Modern Warfare 2 made me eat my own words
A few days ago I blogged on how I wouldn’t be buying the recently released Modern Warfare 2, which came out on the 10th November. Of course, as you can see by my Gamercard on the right side of the site, you can see that I, quite clearly, have in fact, purchased Modern Warfare 2, and have played it quite a lot, too.

So, what’s the reason behind this purchase? Well, the main reason is that I got it for pretty freaking cheap. The supermarket Tesco (Americans: Think of it as Walmart) was doing an offer in-store. You could buy any game in the top 20 chart (I opted for Borderlands), and get Modern Warfare 2 for £25. Not a bad deal, methinks.
But hooooly shit, am I glad that I went and bought this game. Although it almost pains me to say so, because Activision were absolute dicks about the whole thing, but ultimately, there’s no denying it: This is the best game i’ve played all year so far.
Some things still irk at me though. I’m still annoyed at how Private Chat is disabled for certain playlists – all I want to do is unwind after a day of work. I don’t want to listen to some prepubescent kid on the other side of the world screaming at me down his mic, I just want to talk to my friends.

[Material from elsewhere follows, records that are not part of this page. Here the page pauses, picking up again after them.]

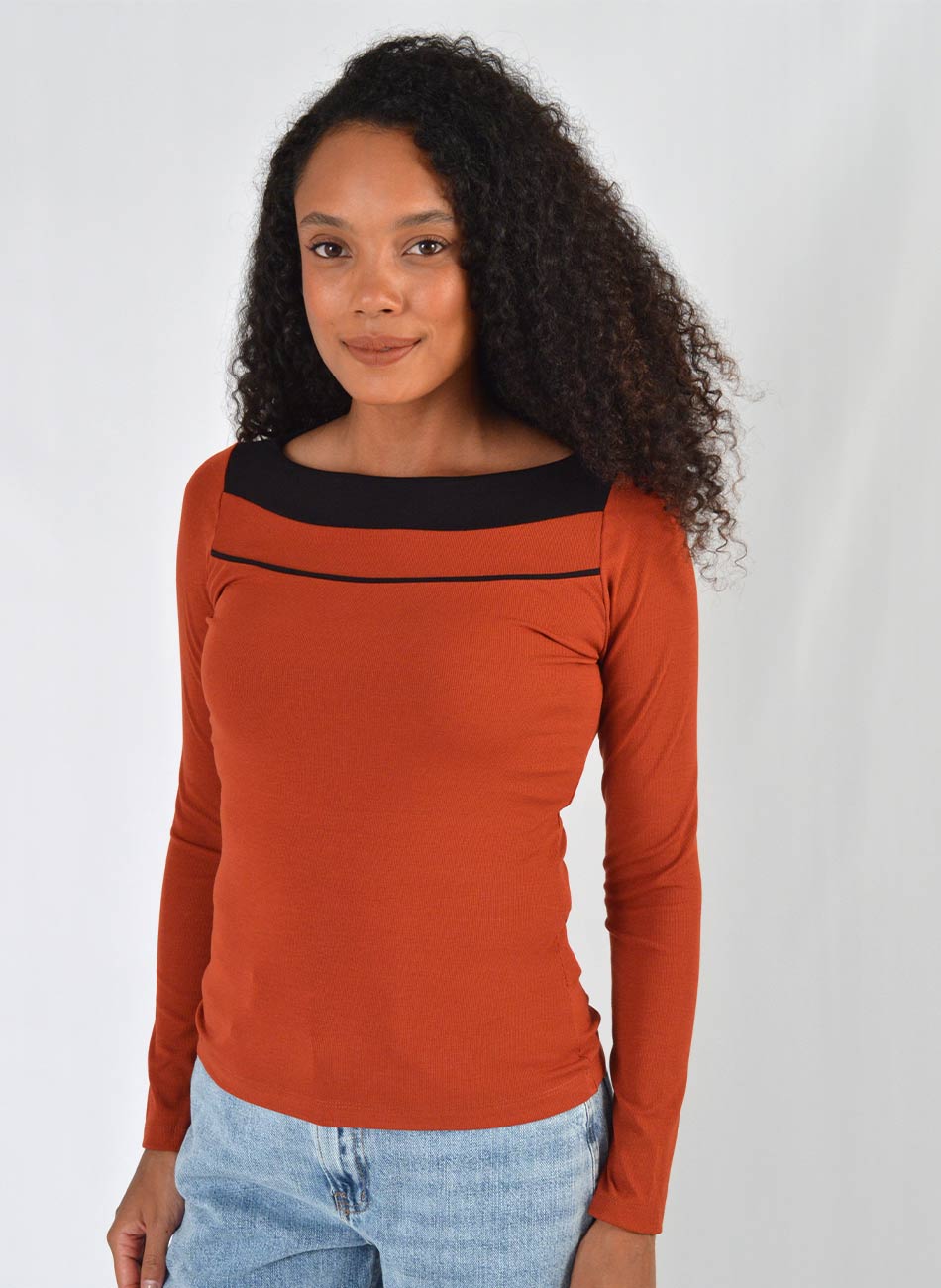 Blusa Bicolor Viscose Canelada Telha Gatos e Atos  - Foto 2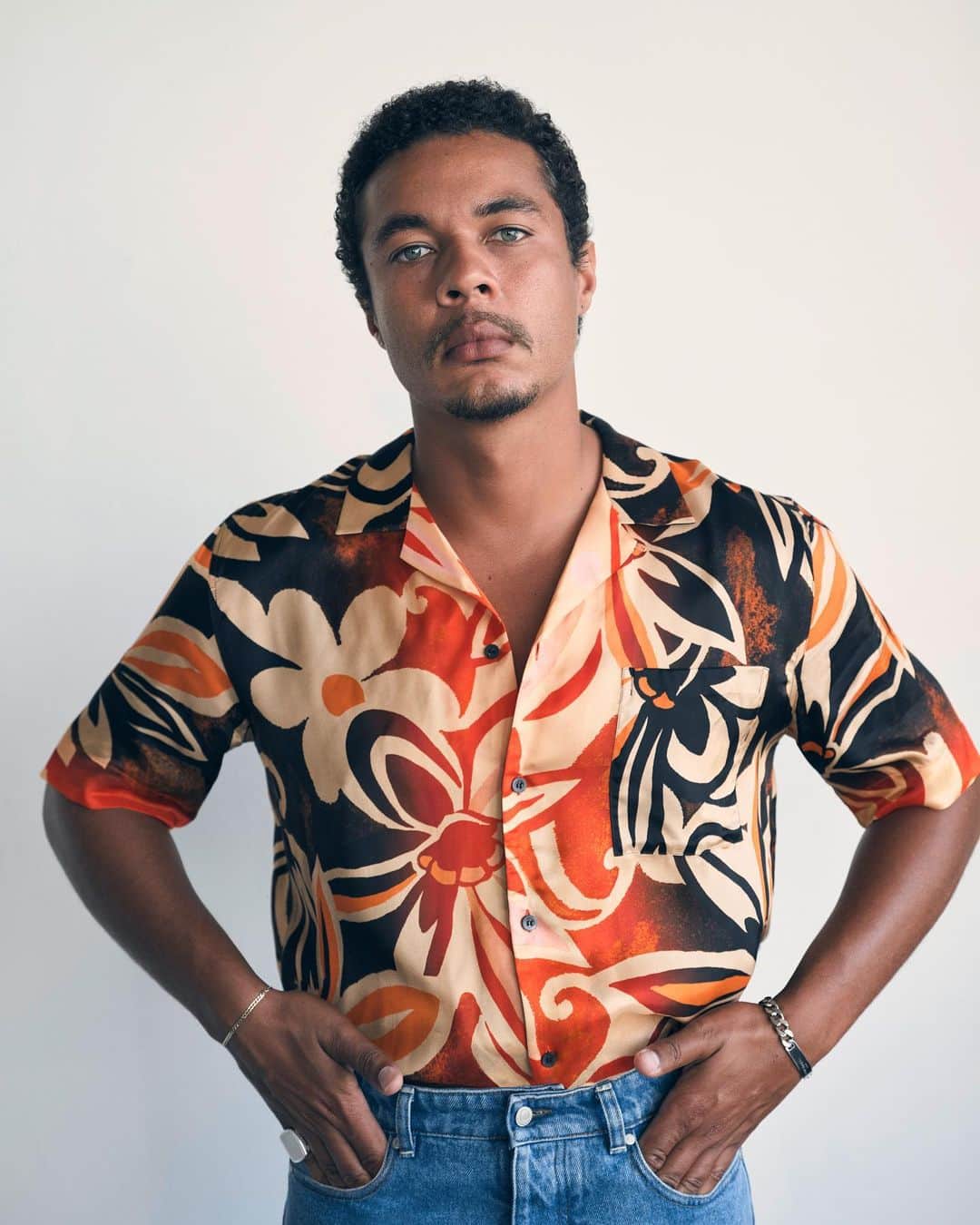 MR PORTERのインスタグラム：「“Meet me and see the qualities that I have as a person that will just come through in these characters. I pour all of me into them. I come with a lifetime warranty.” Mr @ismaelcruzcordova is not messing around with Hollywood. Hot off his standout role in The Undoing (catch the finale this weekend), he’ll be starring in the new Lord Of The Rings TV series. But it didn’t come easy, he had to fight for it. Read the full story at the link in bio @undoinghbo」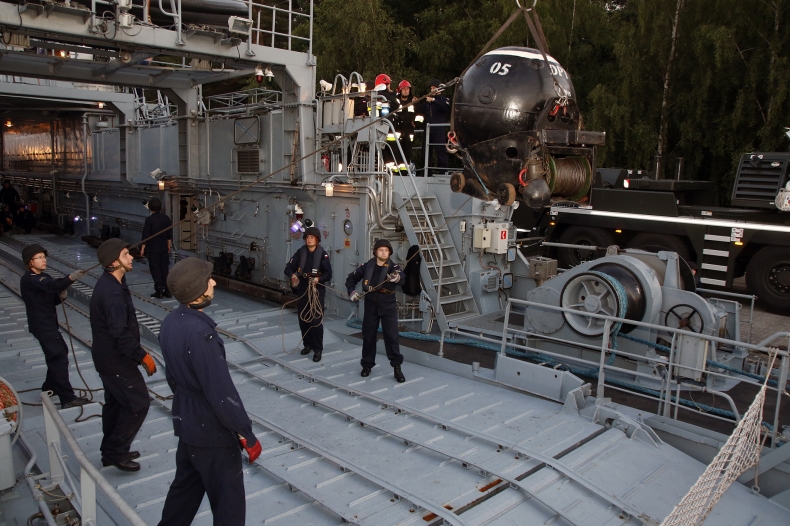 Nocna operacja w świnoujskim porcie - GospodarkaMorska.pl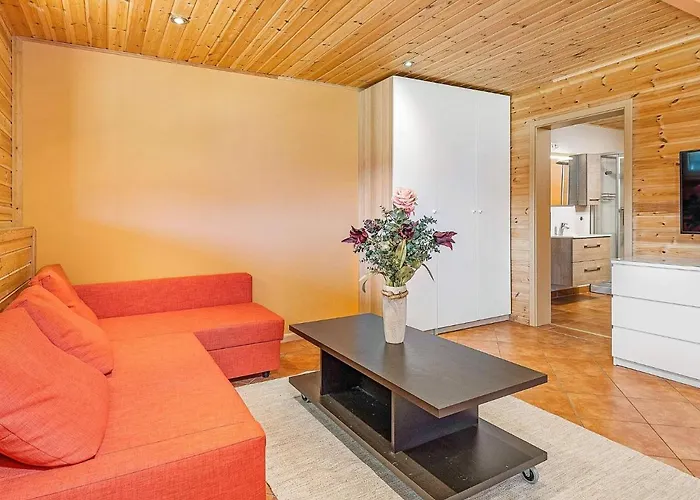 5 Person In Eidsvåg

I originally said that I disliked the removal of the co-op campaign option, and I still do. That said, the special-ops mode in Modern Warfare 2 is done extremely well. For those of you not in the know, Special-ops is a co-operative mode where you and a friend can complete missions that usually require teamwork.
Perhaps the best example of this is the special-ops mission involving an AC130 Gunship. One player in the game is on the ground, trying to get from point A to point B, while another player is actually in the gunship itself. The player in the gunship must assist the player on the ground by taking out infantry/vehicles. It’s a simple idea that works really well.
The multiplayer, for me, is the main improvement over the original Modern Warfare. My main problem with the multiplayer in MW1 was that everyone, and I mean, everyone, whored the Martyrdom perk. For those of you not in the know, Martyrdom was a perk that dropped a live grenade automatically when you die. This can become extremely annoying – as you’re killing people, live grenades are dropping around you, and before you know it, you’re dead because you killed another player. What a fail.
Thankfully Modern Warfare 2 addresses this issue. While I haven’t leveled up enough to obtain the Martyrdom perk yet, it’s presence has already been significantly decreased. Instead of being a regular perk, Martyrdom is now a “death streak”. This means that Martyrdom is only active if you’ve died several times in a row. You’d probably be surprised at how much more enjoyable the multiplayer in Call of Duty is with this perk far less common.
So there you have it – I bought Modern Warfare 2, and i’m damn glad that I did. I still can’t justify a £45 pricetag though. I think that you should get it for £32 instead.